Published at 7:30 AM on March 29, 2010

What Can We Make of Michael Bay's 3D Blues?

What Can We Make of Michael Bay's 3D Blues?

As it turns out, Michael Bay is a 3D hater, too.

Well, at least in his Michael Bay way. In an amusingly self-serious piece in Deadline New York last week, Bay took the opportunity to lament that Paramount execs are pressuring him to convert Transformers 3 to 3D, an often prohibitively expensive process that the James Cameron school eschews in favor of actually shooting in 3D. Bay, bless his soul, thinks the cameras are too big. “Studios might be willing to sacrifice the look and use the gimmick to make $3 more a ticket, but I’m not,” Bay said, blissfully unaware of his place in the pop-culture landscape.

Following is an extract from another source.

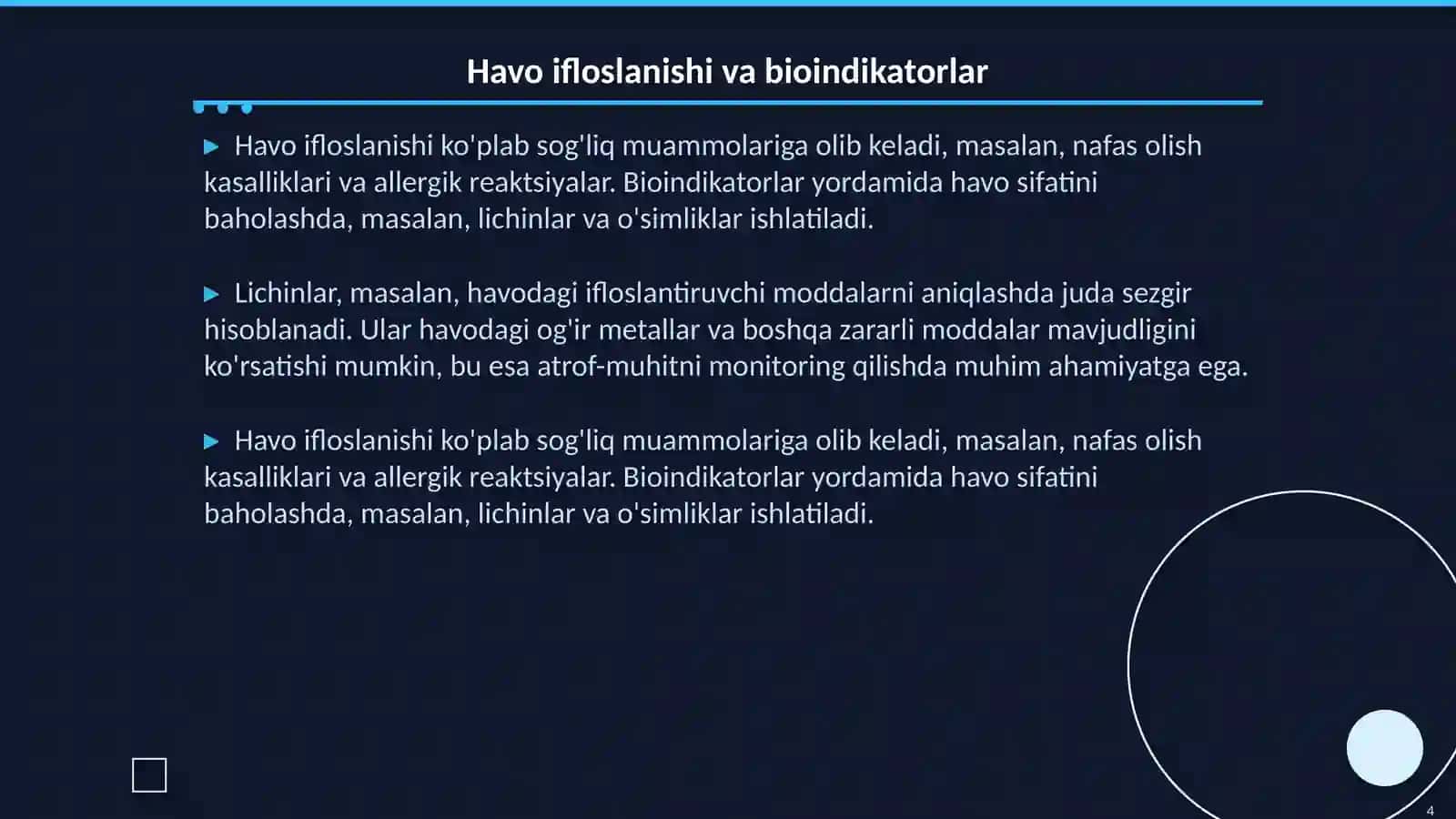 Bioindikatorlar yordamida havo yoki suv ifloslanishini aniqlash 4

Bay, of course, is a chief officer in the Hollywood campaign to make movies incomprehensible if there isn’t a cut every three seconds, and his stand against sloppy 3D seems, well, a little absurd. (“People can say whatever they want about my movies, but they are technically precise, and if this isn’t going to be excellent, I don’t want to do it,” he told Deadline in his defense.) We could reasonably make the argument that his take on the blockbuster helped usher in the fledgling 3D era, where new avenues to assault the audience with visual effects are always welcome.

To his credit, though, Bay brings a serious-minded approach to the discussion of 3D, which is rapidly invading studio execs’ fearsome psyches. Clash of the Titans, one of this year’s blockbuster hopefuls, underwent a transformation to 3D at the 11th hour earlier this year. From the moment Avatar went from game-changing prophecy to astonishing phenomenon, the fate of 3D seemed irrevocably tied to Hollywood’s new business potential, an answer to the growing market for video on demand. We’ve all heard about 3D televisions, yes, but how can that really compare to the theatrical experience?

In a recent New Yorker piece, film critic Anthony Lane took up the issue, and his conclusions are humbling. Although 3D seems finally to have found the technological ability to move beyond its gimmicky roots, he argues, the desire for a third dimension has long been present in the movies we watch. He cites the floating bullets in The Matrix, among other iconic movie sequences. “These are not 3-D movies, yet the ghost of 3-D hangs over them and haunts their spatial desires,” he writes.

It’s hard to argue with that. Crocodile tears for Bay’s supposed predicament aside, it seems unlikely at this point that 3D will simply be a fad, and in any case Bay’s objection is technical—he just wants to use the best technology available. Aren’t we all essentially of the same mind? In Lane’s view, we’ve long been watching big-ticket 3D movies, they’ve just been shackled in 2D. The goofy glasses aren’t the problem; 3D could well be about what we crave as viewers, even if we don’t know it.